Add to that Ryan Lester continuing to serve as the Lions’ Mr Fix-it, with his spot as a quasi-tall defender all the more crucial since Gardiner’s injury; Jaspa Fletcher’s continued development as an outside runner; Darcy Wilmot’s game-breaking pace from half-back brilliantly compensating for the injured Keidean Coleman; and so many more, this Lions team is a classic example of players stepping up when it was most needed.

We’re about to find out just how far these unsung heroes can take them this season.

6. Hawkins’ injury spares Cats an uncomfortable question

No one likes to see any player limp off injured, and there was an even greater sense of sadness than usual on Friday night when Tom Hawkins went down with a serious-looking foot injury in Geelong’s loss to Carlton.

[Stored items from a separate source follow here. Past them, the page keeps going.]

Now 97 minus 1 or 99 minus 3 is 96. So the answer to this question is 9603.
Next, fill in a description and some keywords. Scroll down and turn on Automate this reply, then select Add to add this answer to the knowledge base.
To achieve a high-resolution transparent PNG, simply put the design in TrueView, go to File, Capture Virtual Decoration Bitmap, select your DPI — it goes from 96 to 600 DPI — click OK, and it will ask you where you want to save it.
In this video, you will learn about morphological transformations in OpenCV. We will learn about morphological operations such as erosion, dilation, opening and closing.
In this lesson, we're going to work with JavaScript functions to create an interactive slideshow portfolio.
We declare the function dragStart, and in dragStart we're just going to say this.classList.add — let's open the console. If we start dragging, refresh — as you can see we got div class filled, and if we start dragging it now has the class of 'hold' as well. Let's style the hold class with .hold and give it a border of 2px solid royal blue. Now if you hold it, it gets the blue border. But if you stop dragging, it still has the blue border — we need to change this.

Whether it’s the last time the champion Cat graces an AFL field will be clearer in coming days, but it would be an unfittingly sour end for one of the greatest forwards ever, and a key figure in three premierships and one of football’s longest ever periods of sustained success.

But there’s a part of me that wonders whether, for Hawkins’ legacy at least, this injury might not be at least a few per cent beneficial for him and the Cats; because for now at least, it spares them both from the uncomfortable truth that he is a borderline best 22 player at the moment.

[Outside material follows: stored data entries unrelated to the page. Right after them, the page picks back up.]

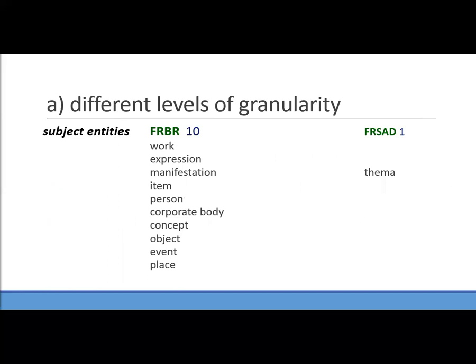When we look at the three models and consider consolidating them, one of the first things that strikes you is the different levels of granularity. For subject entities, FRBR has the original group three entities: concept, object, event, and place, plus all bibliographic entities can be subjects — giving 10 subject entities. In FRSAD there is just one subject entity. You can see the issue: if you're bringing three models together you have to achieve consistent granularity throughout the model.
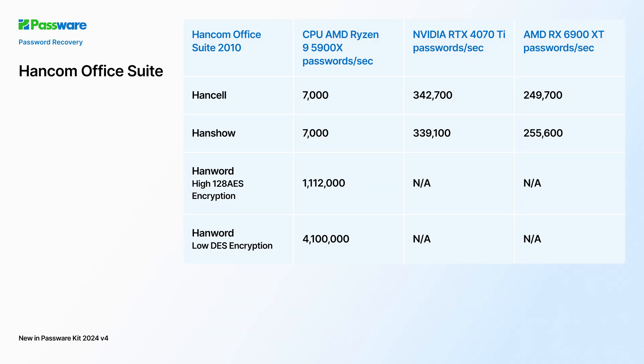Hardware acceleration is supported for HandCell and HandShow file types. GPU performance is over 340,000 passwords per second on a single NVIDIA RTX 4070 Ti for HandCom Office 2010.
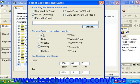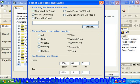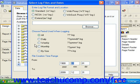In the Choose Period Used When Logging section of the dialog box, select the type of filter for the date range to use by choosing the desired option button and then filling in the values in the text boxes below. When you're done, click OK to set the data source connection.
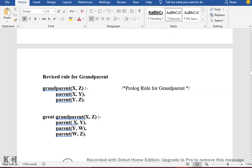When X is the parent of Y, and Y is the parent of Z, then X is the grandparent of Z. So we will say: X is the grandparent of Z if X is the parent of Y and Y is the parent of Z.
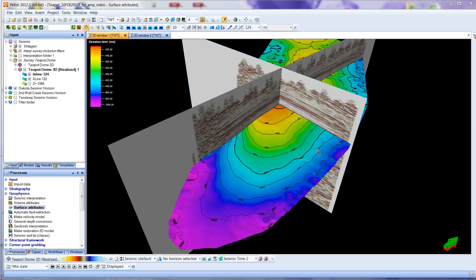This is a video to show the amplitude surface for the Dakota seismic horizon that you have produced in the earlier assignments. You'll see here the color contour map corresponds to the Dakota seismic horizon.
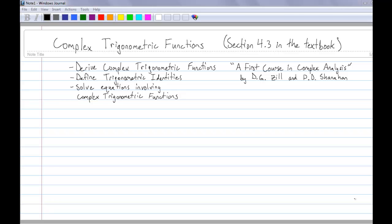Today I'm going to talk about complex trigonometric functions. This is section 4.3 in the textbook, which is A First Course in Complex Analysis by Zill and Shanahan. First I'm going to derive complex trigonometric functions, then define the trigonometric identities that go with these functions, and solve an equation involving complex trigonometric functions.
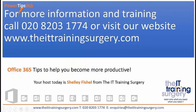So if you want your staff to be proficient like this with Microsoft PowerPoint and learn more than just compressing images, do get in touch with me, Shelley Fischel, at theittrainingsurgery.com. Give us a call. What are you waiting for?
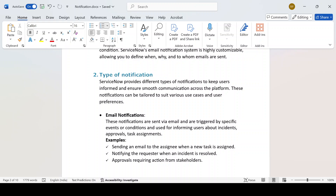Examples for email notification include: sending an email to the assignee when a new task is assigned. If you are an IT fulfiller and a ticket is assigned to you, you get the notification. In the email itself, you'll have a link — after clicking on it, you'll be redirected to the respective ticket. If you don't notify the fulfiller, they might come and check after one or two hours, causing a delay.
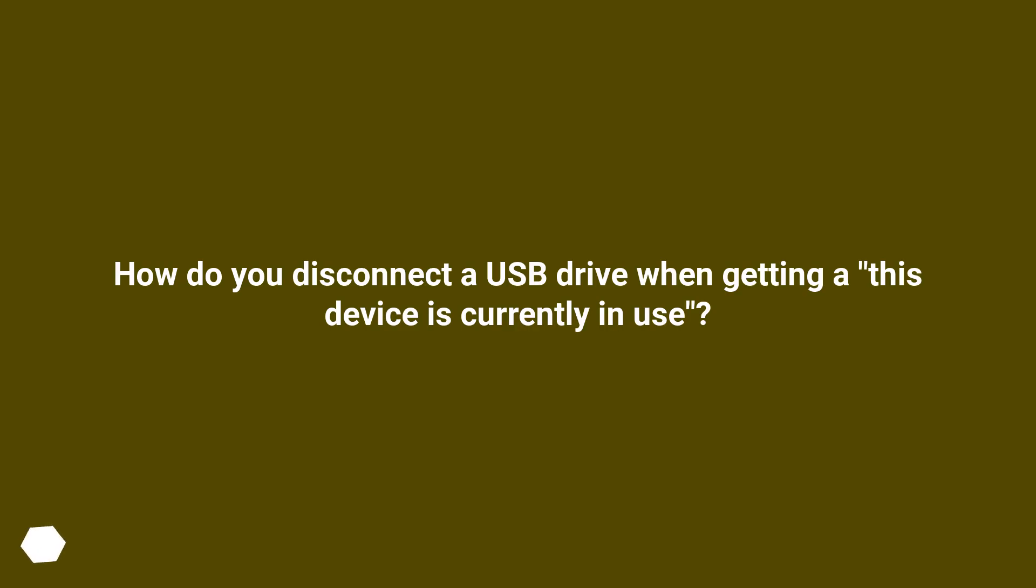How do you disconnect a USB drive when getting a 'this device is currently in use' error?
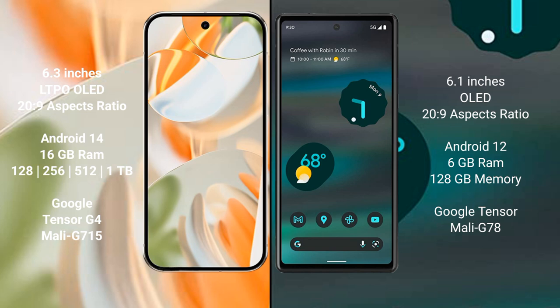The Google Pixel 9 Pro is powered by the Google Tensor G4 processor with GPU model Mali-G715, while the Google Pixel 6a is powered by the Google Tensor processor with GPU model Mali-G78.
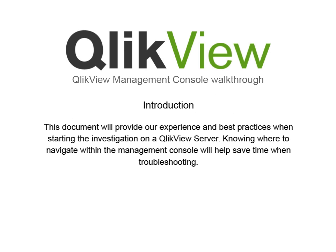This document will provide our experience and best practices when starting the investigation on a QlikView server. Knowing where to navigate within the Management Console will help save time when troubleshooting.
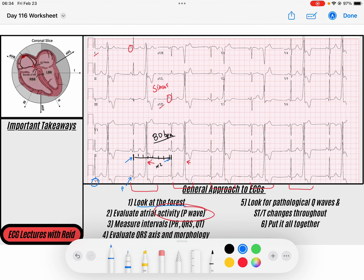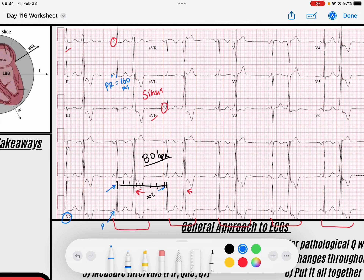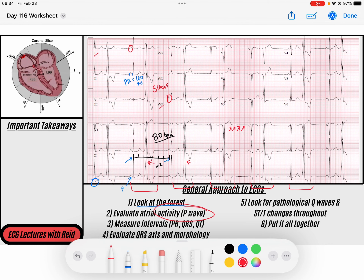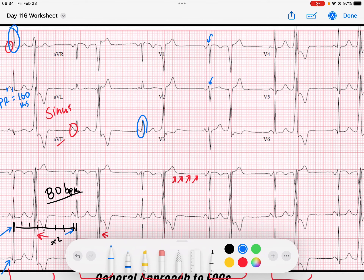Let's look at AV node function. The PR interval looks like about 160 milliseconds — maybe four small boxes — so it's normal. Every P wave I see conducts to a QRS in the same fashion, and I don't see any P waves throughout the pauses that are not being conducted. The QRS is upright in lead one and upright in AVF, telling me the axis of depolarization is down to the left, which is good. R wave progression looks good, possibly a little late at V3 but we get a good upright R in V4 — likely just lead placement.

Before his foot injury, Hawkins was being handed an unqualified pantsing by Jacob Weitering; with just three kicks and a single mark, he was a good shout to be subbed out anyway. And most concerning of all, the injection of Gary Rohan into the play at his expense saw the Cats, briefly at least, look a lot more threatening moving forward, kicking three quick goals before the Blues retook control in the final quarter.

The Cats find themselves at a bit of a crossroads; while finals are still more likely than not given they have an excellent run home, it’s hard to see them as the flag contender they usually are, given their shallow midfield, the struggles of Tom Stewart amid weekly hard tags and Hawkins’ fall from grace.

It’s a situation Chris Scott is unaccustomed to facing, but it was probably time anyway to give Shannon Neale, dropped from the team for Friday night, an extended run in the seniors as the future of the Cats’ forward line. Given how top-heavy their attack looked against Sydney with the youngster alongside Hawkins, Cameron and Ollie Henry, it all lines up for a truly brutal decision.

Hawkins has 15 goals in 12 games this season, and six in his last nine, including five goalless outings. Neale, by comparison, has nine in five games, and has at least one in every match – at just 21 years old, that’s more than handy, and with the veteran to be sidelined for a while at least, he should get the chance to add to that as an instant, like-for-like replacement in attack.

Jimmy Bartel, at the end of 2016, chose to retire rather than risk needing to play in the VFL in 2017. As cruel as this injury blow is, it might spare the Tomahawk from an ignominious end to his glittering career.

Random thoughts

– I’m not sure I’ve ever seen a star player fall as quickly or as far as Clayton Oliver this season.

– A memo to all AFL teams’ social media accounts: GWS has the ‘cocky smartarse’ role covered – please stop trying to copy them, it’s just getting embarrassing.

– I could be persuaded into naming Josh Treacy as a top-50 player in the game with a few more performances like Sunday’s.

– Marlion Pickett won a flag and Jai Newcombe is a beast, but is Sam Durham the best mid-season pick-up now?

– Jackson Archer might never be his dad, but if he can shut down more players like he did Bayley Fritsch, he’ll be just as respected.

– Carlton, Collingwood and Essendon in the top four. Thank God for Sydney.